SHAFT stands for “Secular Humanists, Atheists, and Free Thinkers.” I’m giong to break down what each of these means.

Secular Humanism (also called Scientific Humanism) is a philosophy that upholds reason, evidence, and a rejection of supernatural explanations as a basis for moral thought and decision-making. Tenets of the philosophy include:

  • Reason, evidence, and the scientific method are better methods than faith, mysticism or authority for gaining an understanding of ourselves and the world, and for creating human solutions to human problems.
  • A constant search for objective truth, with the understanding that all knowledge is subject to revision and improvement as more evidence is gathered.
  • Political, social, and religious beliefs ought to be tested by each individual and not simply accepted because of faith or tradition.
  • A commitment to bettering this life through better understanding of ourselves, our history, and our human achievements.
  • Building a better world for ourselves and our decendents through an open exchange of ideas, goodwill, tolerance and hard work. We understand that no one is looking out for us except us.

Atheism, in the broadest since, is simply the absence of belief in deities. It’s not really a position or developed philosophy on its own. The word originates from Greek “atheos” meaning no gods, and interestingly enough was originally applied to anyone who didn’t believe in the classic Olympians of ancient Greece. This included believers of other so-called false gods, or anyone with beliefs that went counter to doctrine. The term has narrowed somewhat to mean someone who has no belief in any god(s).

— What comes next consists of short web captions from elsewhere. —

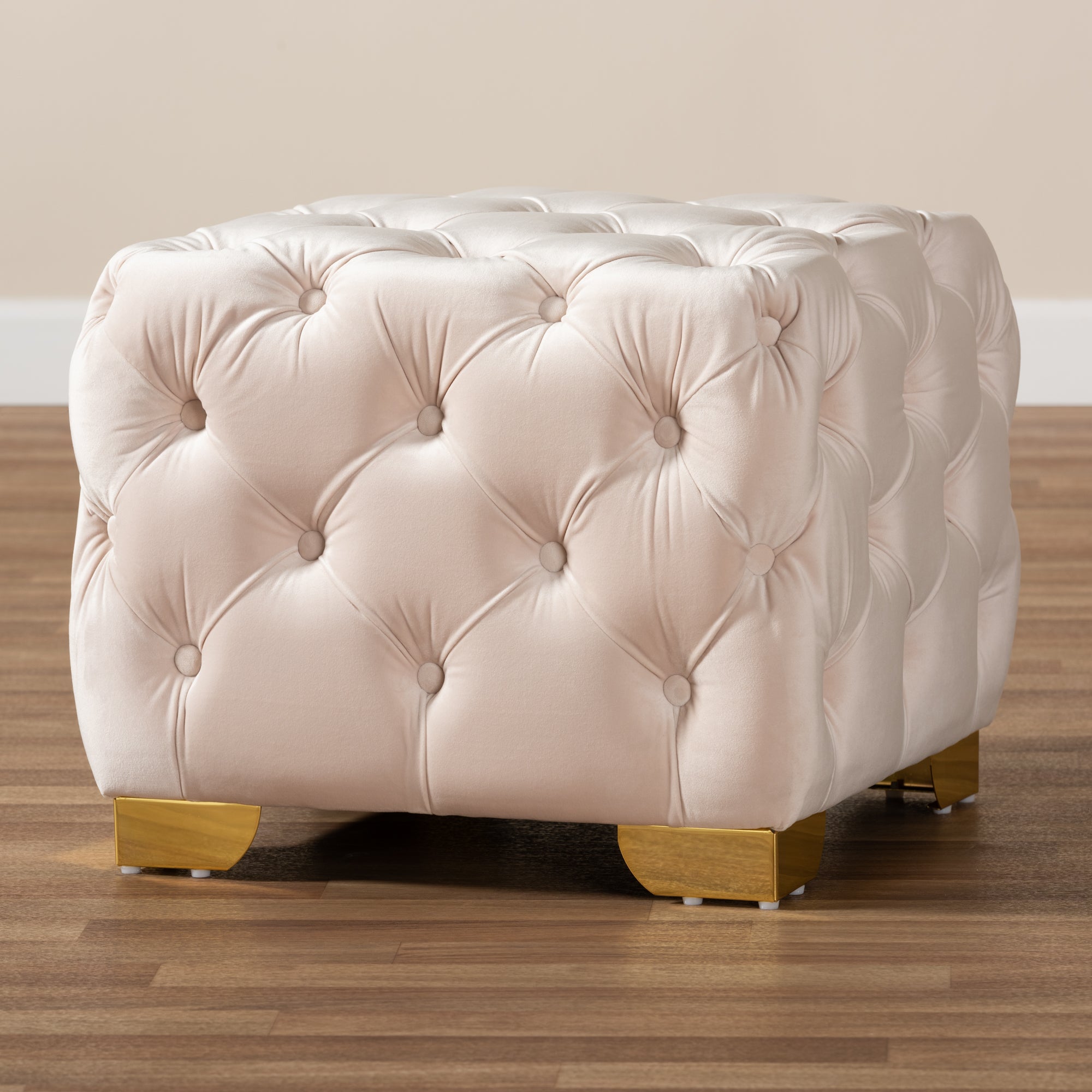 Avara Glam and Luxe Velvet Fabric Upholstered Finished Button Tufted Ottoman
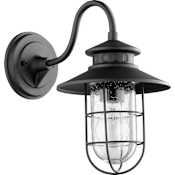 Quorum International Moriarty Single Light 12-1/2" Tall Outdoor Wall Sconce Noir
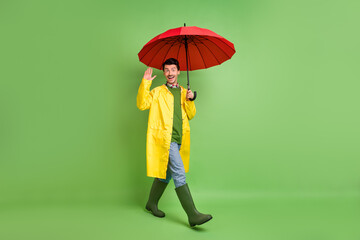 Full size photo of brunet impressed guy go wave hand with umbrella wear cloak boots isolated on...
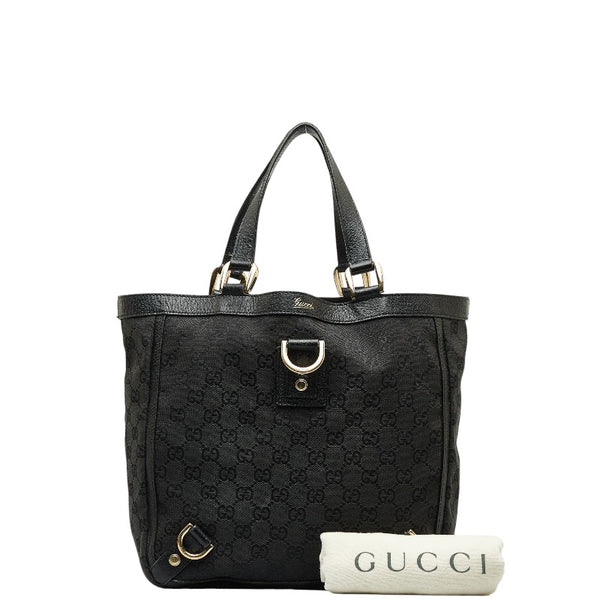 グッチ GGキャンバス アビー ハンドバッグ トートバッグ 130739 ブラック キャンバス レザー レディース GUCCI 【中古】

In practice, many atheists also reject any supernatural explanations or magical thinking, and do not believe in ghosts, leprechauns, psychic phenomena, souls, “magical auras,” or Tom Cruise. While the definition of “atheist” doesn’t strictly preclude any of these ideas, many of the same thought processes that lead to atheism leads to rejecting these others as well. I personally would prefer to simply say “I don’t know” rather than have an evidence-free explanation that doesn’t mean anything.

Finally, the “Free Thinkers” portion refers more or less to just a general open-mindedness. SHAFT has many members who are in fact religious, but value the free exchange of ideas and discussion that SHAFT attempts to produce. While this term is often used to refer to atheists alone, I prefer it to mean essentially “anyone who actually gets what freedom of speech is really for.” If you are religious and not offended or threatened by the mere existence of people who disagree with you, go ahead and claim yourself as a free thinker. And then come to SHAFT meetings.

Please feel free to ask any questions or say whatever else in the comments.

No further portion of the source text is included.